I like how some of the smartest people on earth somehow reconstructed the sound an animal from 100s of million years ago would have made and then decided to put birds chirping in the background even though said birds came millions of years after the dinosaurs from said dinosaurs.(4:35)
I love the sound design for JP. That said...I’m ready for more realistic, yet creepy, depictions of these animals. Some creepypasta type content with dino home invasions, stranded in the woods or the side of the road in a broken down car with dinos around, or a school lockdown due to a dino entering a side door and getting into the building. Give them weird bird/reptile like behavior and sounds. I’m ready!
I’ve read it. Love it. I wish the movie went along that route. I would love more content in the movies to depict this creepy, gory material, or maybe a show on a streaming channel.
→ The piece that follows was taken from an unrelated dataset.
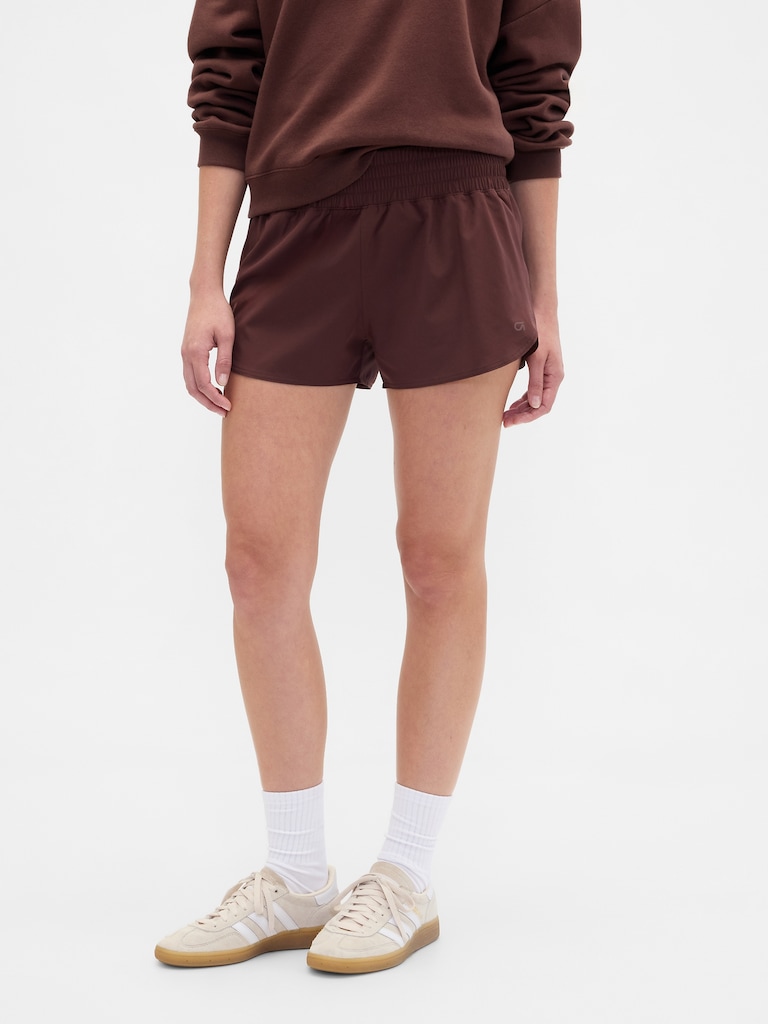 GapFit 3" Mid Rise Runaround Shorts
@@Betweentheraindrops8 Funny you say all that. Having seen JP in theaters when I was a child, I've had many nightmares involving the T-rex, to the point in the last one I remember... I saw it and said, "not you again!" lol
I really like your mentioning of caveats and possible inaccuracies! "Impotant to recognize this does not take into account unfossilized soft tissue", "remember that most birds produce sound with sirynx so using larynx may be incorrect", etc. It's all too common to see people acting very confident with their recreations when we simply don't know. I also appreciate how you explained the sources of the noises and the reasoning behind them.
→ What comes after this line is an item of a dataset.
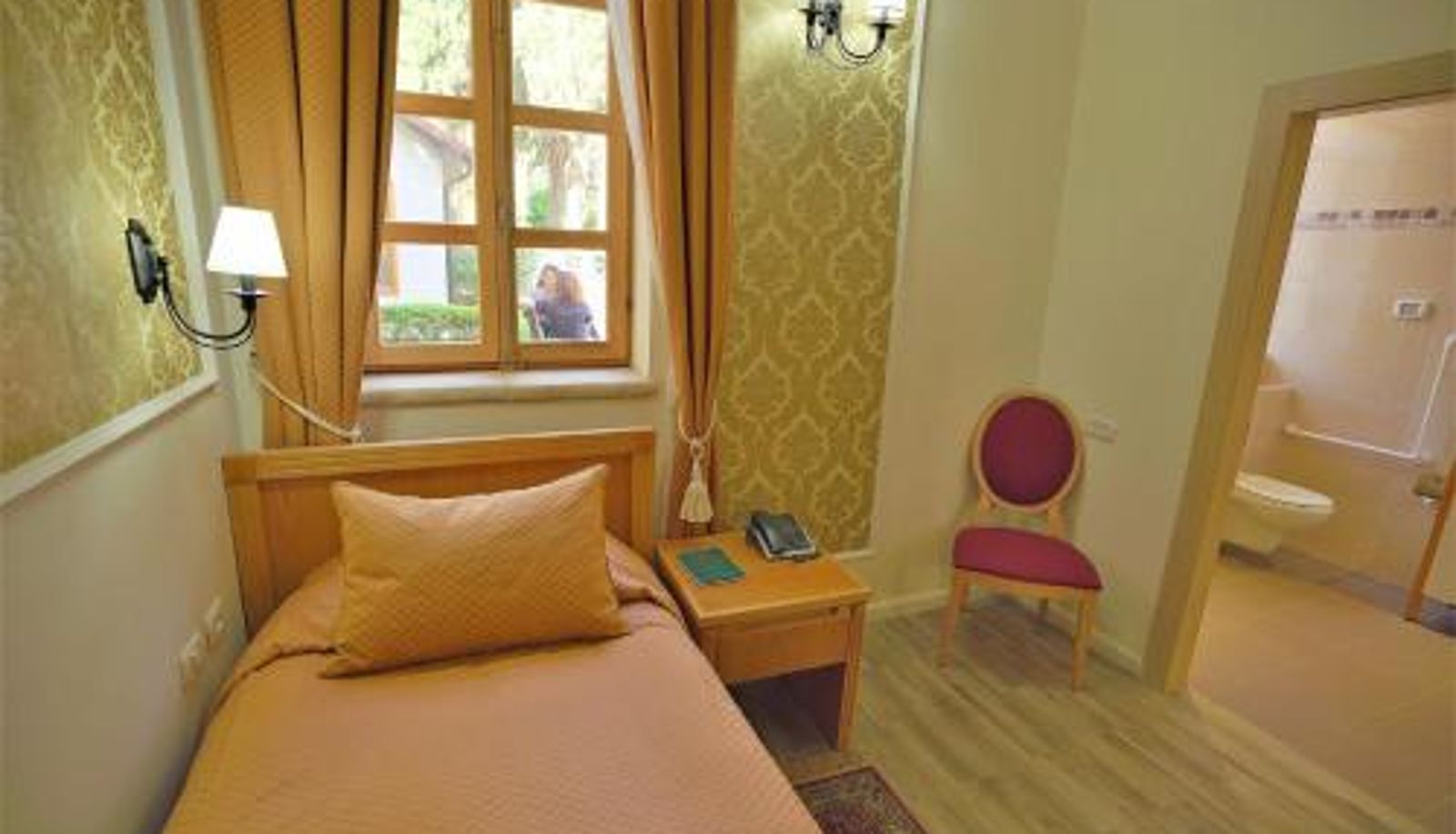 Room - Sergei Palace Hotel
Great to see Mark Witton mentioned here. I had the pleasure of interviewing him when i was in uni as part of my course, testimonials from someone in the industry. Lovely bloke, incredible artist and really passionate about his field. The book he wrote on Pterosaurs was also excellent!
Have you ever heard the sounds of a cassowary? If not look it up and imagine something like that scaled up to t-rex size. Seriously that would be far more terrifying that the high pitched screams of the movies because you would feel it as much as you hear it.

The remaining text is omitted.